All I can say is Raw Shrimp baby! Beefheart is also good but raw shrimp is pretty cheap and it is very nutritious. I have also heard from people that it helps bring out the color of your P's. Make sure to thaw it out for a few minutes then once you throw it in, it starts to sink and they chase after it and rip it to pieces.


----------



## Death in #'s (Apr 29, 2003)

when my reds were 2-3" i found out the best food for them was frozen bloodworms,brineshrimp and frozen beefheart.a couple of weeks later they all have big fat bellies and are growing nicely


----------



## RhomZilla (Feb 12, 2003)

BeansAranguren said:


> All I can say is Raw Shrimp baby! Beefheart is also good but raw shrimp is pretty cheap and it is very nutritious. I have also heard from people that it helps bring out the color of your P's. Make sure to thaw it out for a few minutes then once you throw it in, it starts to sink and they chase after it and rip it to pieces.

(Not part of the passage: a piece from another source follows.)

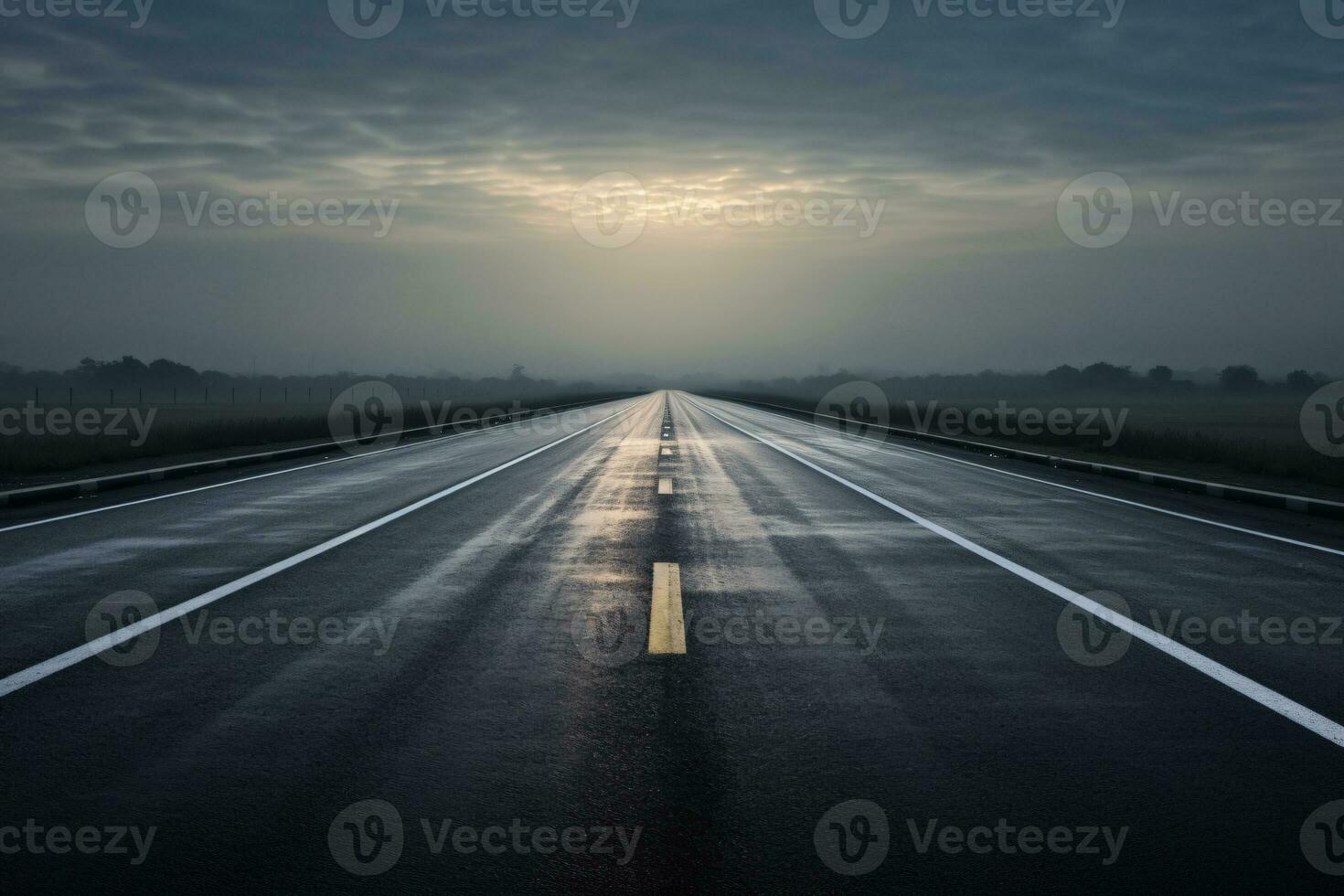 vacío autopista en el temprano Mañana niebla. ai generativo foto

 Your correct in every aspect







But you'd have to cut up teeny tiny pieces of shrimp or beefheat for them to eat. Your Ps are still babies and would not be able to finish way large chunks thrown in the tank, which eventually just cloud and smell in your tank a few hrs later


----------



## 521 1N5 (Apr 25, 2003)

i thought this post title was "breast feed" i was like oh hell no...


----------